Other markets with high vacancies include Seattle (27.0 percent), San Francisco (26.3 percent) and Detroit (24.6 percent). At the other end of the spectrum stood Miami (14.3 percent), scoring the lowest vacancy.
Nationally, office-using employment lost 1,000 net jobs in July, led by the professional and business services sector (-14,000 positions). Meanwhile, financial activities offset that by gaining 15,000 jobs. Year-over-year, the overall national increase in office-using employment sat at a mere 0.1 percent, representing 41,000 jobs added.
Rents keep course, development still muted
National in-place rents stood at $32.72 per square foot as of July—15 cents lower than the previous month but seeing a 3.3 percent year-over-year increase. Markets with the highest jumps in rents included Charlotte, Miami and Orlando. At the other end, Houston rents saw a 7.6 percent year-over-year drop.

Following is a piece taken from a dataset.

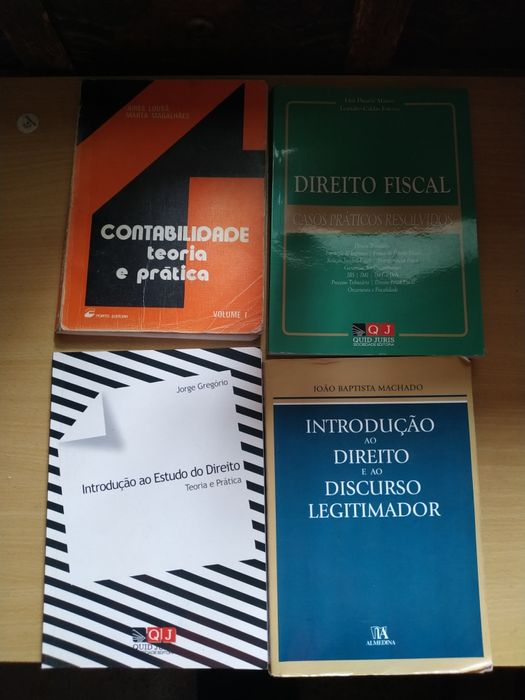 Vários livros universitários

The national under-construction pipeline comprised 40.2 million square feet as of July, representing 0.6 percent of stock—unchanged from the previous month. The leader in construction activity remains Boston, with 5.6 million square feet underway.
Meanwhile, Manhattan’s pipeline included 2.6 million square feet underway as of July. Owner-occupied projects aside, the borough registered less than 500,000 square feet in construction starts since the start of 2023. Of course, this excludes several high-profile developments, such as JP Morgan’s 2.5 million-square-foot 270 Park tower, which is close to completion.